Chase Anderson, Pittsburgh Pirates

BRADENTON, Fla. — Chase Anderson’s career with the Pittsburgh Pirates almost began sooner than it did. On Monday, the Pirates signed Anderson to a minor-league deal with an invite to spring training.

The 36-year-old said that it wasn’t the first time general manager Ben Cherington came calling.

According to Anderson, the Pirates were interested in signing him in 2021, but the veteran opted for the other side of the state and signed with the Philadelphia Phillies.

The deal didn’t pan out. Anderson battled a number of injuries and struggled to the tune of a 6.75 ERA in 14 appearances. He ended up getting released in August.
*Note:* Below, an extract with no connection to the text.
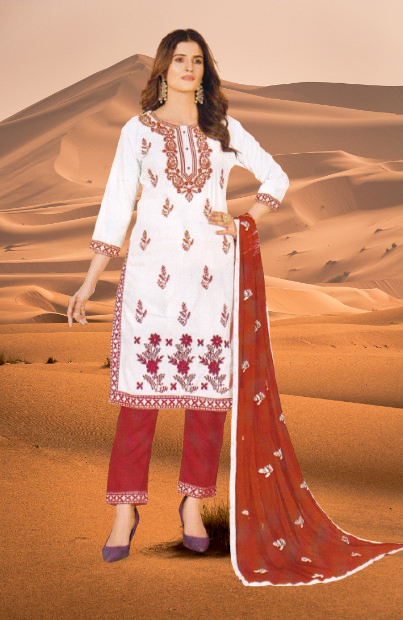 LADIES CHURIDAR L/P LS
“Looking back in hindsight, this might have been the better spot for me,” Anderson said when speaking to members of the media on Monday. “I’m here now. Looking forward to this opportunity.
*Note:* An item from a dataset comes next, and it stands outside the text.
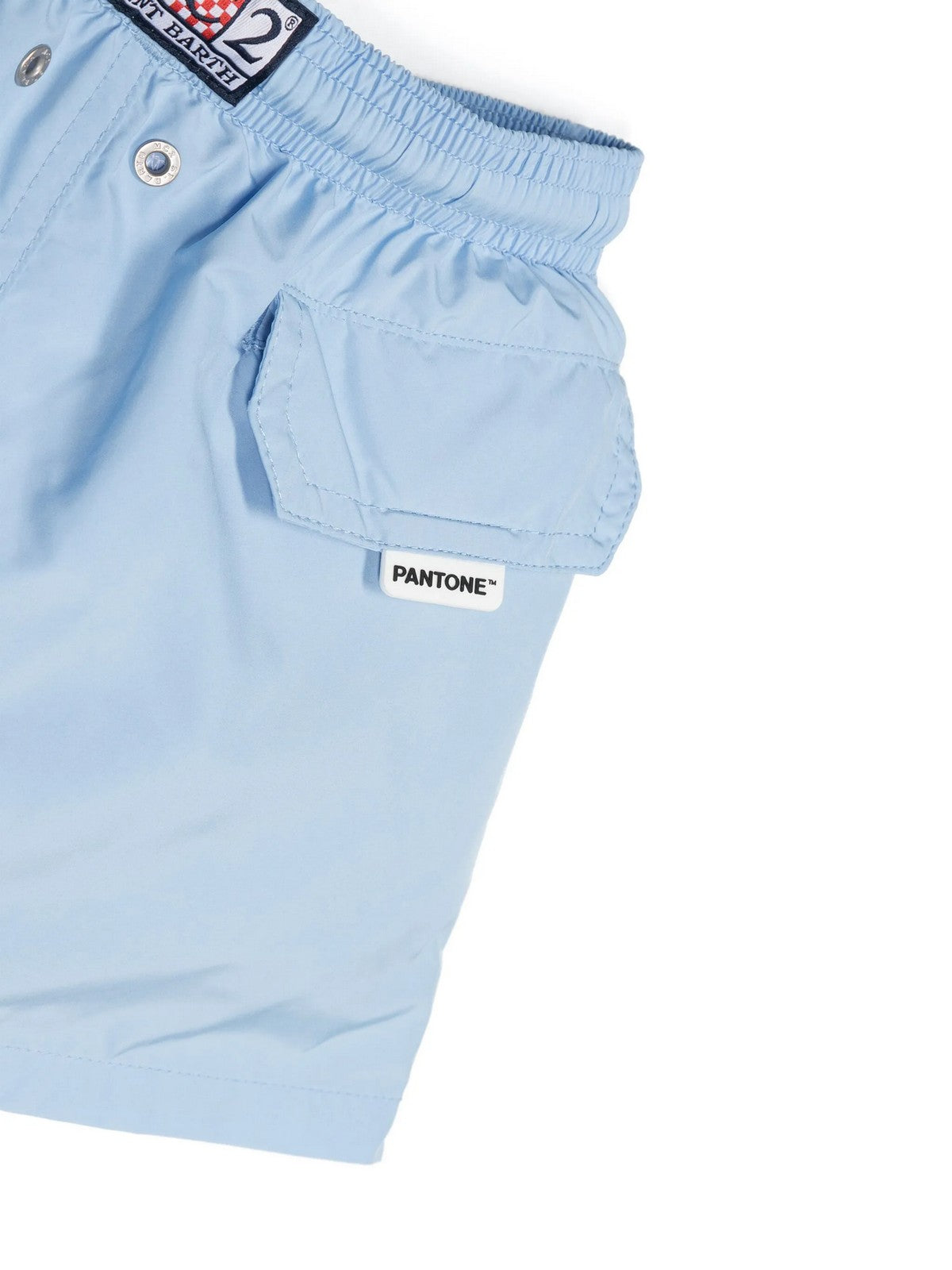 MC2 SAINT BARTH Costume da bagno Bambini e ragazzi  JEAN LIGHTING PANTONE 01618H 30 SKY PNT gioboutiqueweb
“I just felt like it was the best opportunity to make a team and compete for a spot. I feel like that division — I played for Milwuakee for four years — this part of the country, it’s kind of like me,. Blue collar people, hard working, steel city. Looking forward to feeling like I did when I was with Milwuakee. That’s kind of how I operate from a small town in Texas. Looking forward to this place.”
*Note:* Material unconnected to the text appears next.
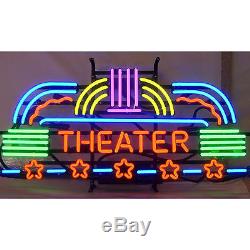 Neon sign Theater Home theatre wholesale lot of 4 Coke Mancave Cocktails lamps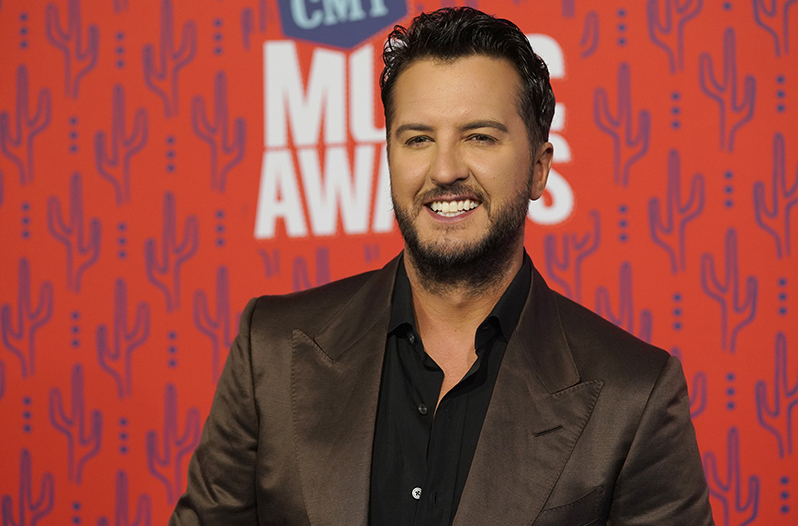 Luke Bryan Yellowstone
The best seasons of Anderson’s career came during his run with the Brewers from 2016-19. In 118 career appearances with Milwaukee, Anderson went 38-27 with a 3.83 ERA.

With the Brewers, he was teammates with current Pirates’ catcher Yasmani Grandal and non-roster invitee Wily Peralta. They are two of a number of veterans Anderson has crossed paths with in his career.

In addition to those two, Anderson has shared a big-league clubhouse with a number of players in Pirates’ camp — Andrew McCutchen, Bailey Falter, Jake Lamb, Rowdy Tellez, Ryan Borucki and Billy McKinney.

“The longer you play, the smaller the community gets,” Anderson said. “It’s fun to reunite with some of those guys.”

Anderson gets thrown into the competition to land one of the two open spots currently in the Pirates’ rotation.

While his overall numbers with the Colorado Rockies last season were poor, he did finish on a high note. Over his final seven starts, five of which came in the final month of the season, Anderson posted a 3.44 ERA with a .644 OPS against him.

The right-hander threw seven no-hit innings against the San Francisco Giants on Sep. 15.

“Coming off the IL in Colorado, probably pitching in the toughest place to pitch in the major leagues, and then almost pitching a no-hitter and pitching good against the Padres, finally getting a win against the Dodgers that last start,” he said. “I felt like I was back to myself and that was a really good springboard to the offseason to get the confidence back, knowing I can still do it.

“It didn’t feel foreign. I just needed to go do it like I did in September to prove to the league and to teams that I can still do this.”

Though he’s competing for a spot on the opening day roster, Anderson brings a wealth of experience with him.

Anderson has pitched for seven different teams in his 10-year big-league career. Offering guidance to younger players is something Anderson has embraced at this stage of his career.

“That’s a huge thing I’ve taken on the last couple years is being a veteran,” he explained. “Being around a long time, this is my 15th spring training, that’s crazy to think about that.

“That’s part of being a veteran that you have to embrace. I think it’s some of the most rewarding parts when you get towards the end of your career to give back to the game and teach these guys how to go about their business. How to continue to get better and figure out a way to navigate a lineup two or three times.”

Whether by earning a spot or just being a mentor to the younger players, Anderson is looking to make the most out of his opportunity in the black and gold three years after what could have been.